**What this task involves:** Your answer must be an exact copy of the entries below, with no pictures in it.

**Data records:**
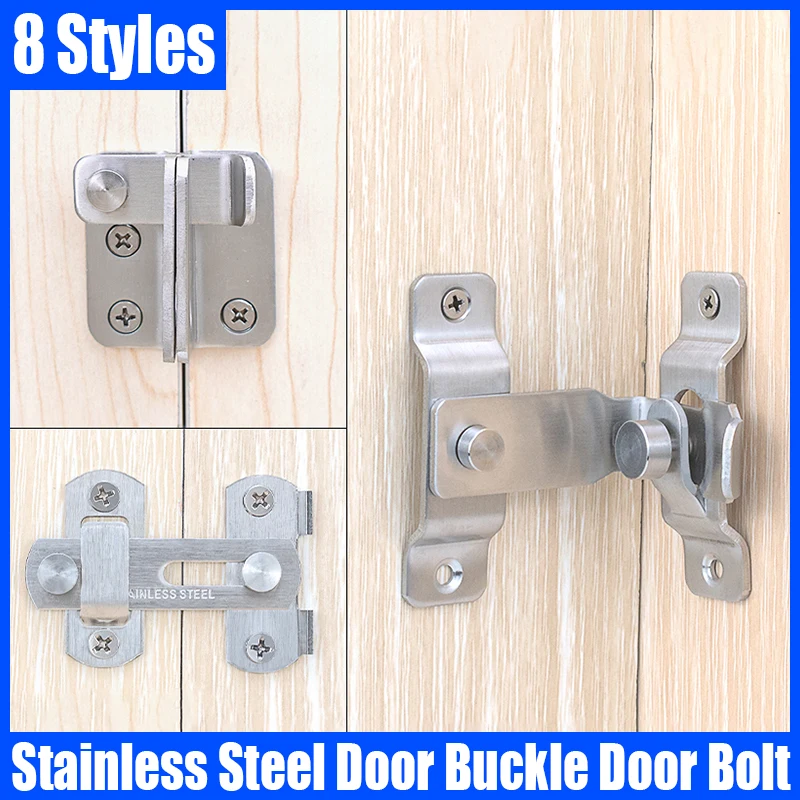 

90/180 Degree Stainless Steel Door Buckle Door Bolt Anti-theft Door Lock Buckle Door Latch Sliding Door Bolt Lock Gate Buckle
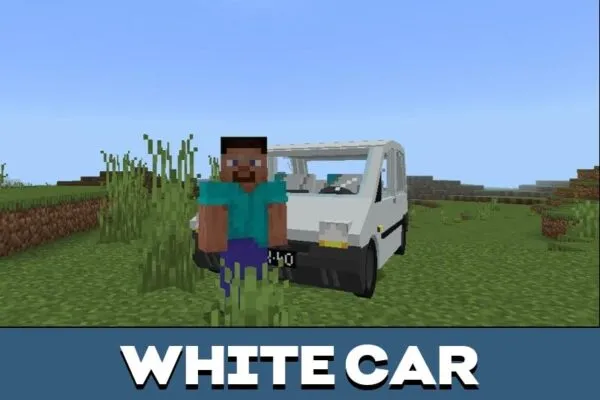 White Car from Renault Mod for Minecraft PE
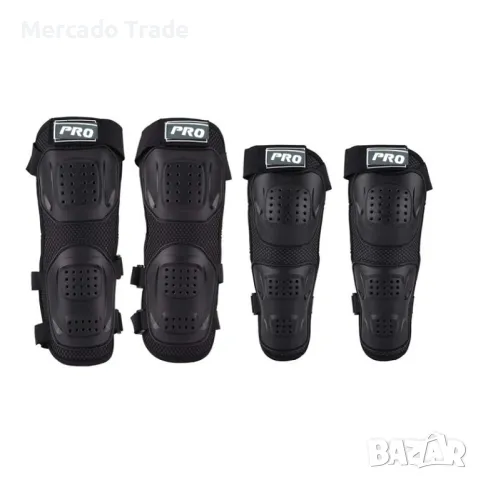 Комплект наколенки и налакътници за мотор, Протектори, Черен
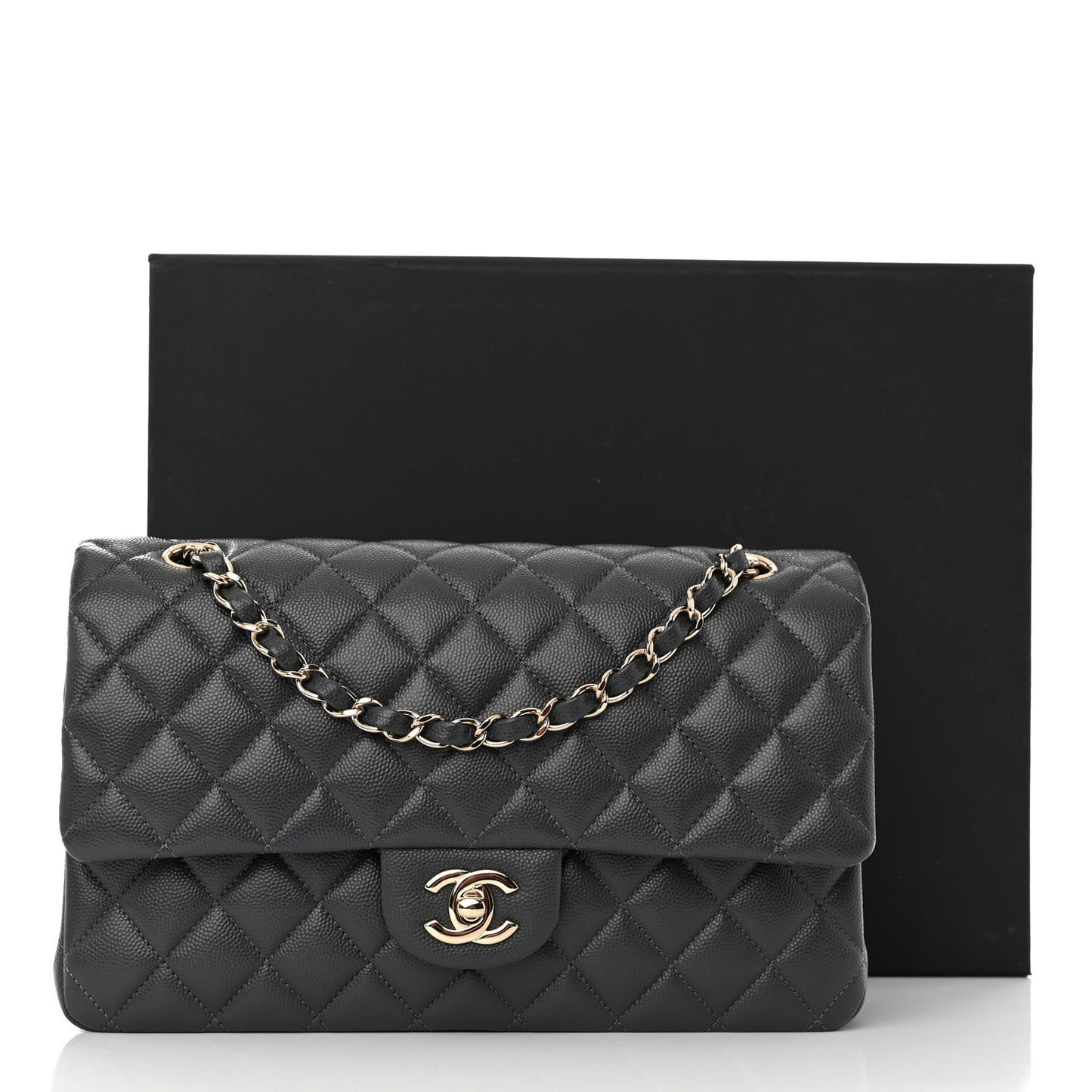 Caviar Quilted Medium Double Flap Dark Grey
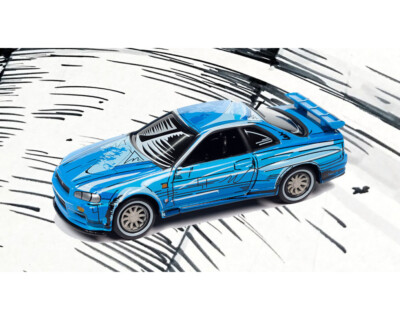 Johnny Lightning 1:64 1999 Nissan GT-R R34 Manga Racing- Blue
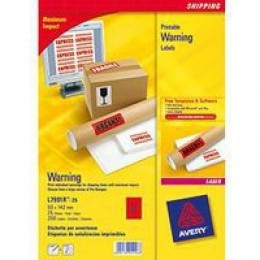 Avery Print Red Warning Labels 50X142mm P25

**Written answer:**
90/180 Degree Stainless Steel Door Buckle Door Bolt Anti-theft Door Lock Buckle Door Latch Sliding Door Bolt Lock Gate Buckle
 White Car from Renault Mod for Minecraft PE
 Комплект наколенки и налакътници за мотор, Протектори, Черен
 Caviar Quilted Medium Double Flap Dark Grey
 Johnny Lightning 1:64 1999 Nissan GT-R R34 Manga Racing- Blue
 Avery Print Red Warning Labels 50X142mm P25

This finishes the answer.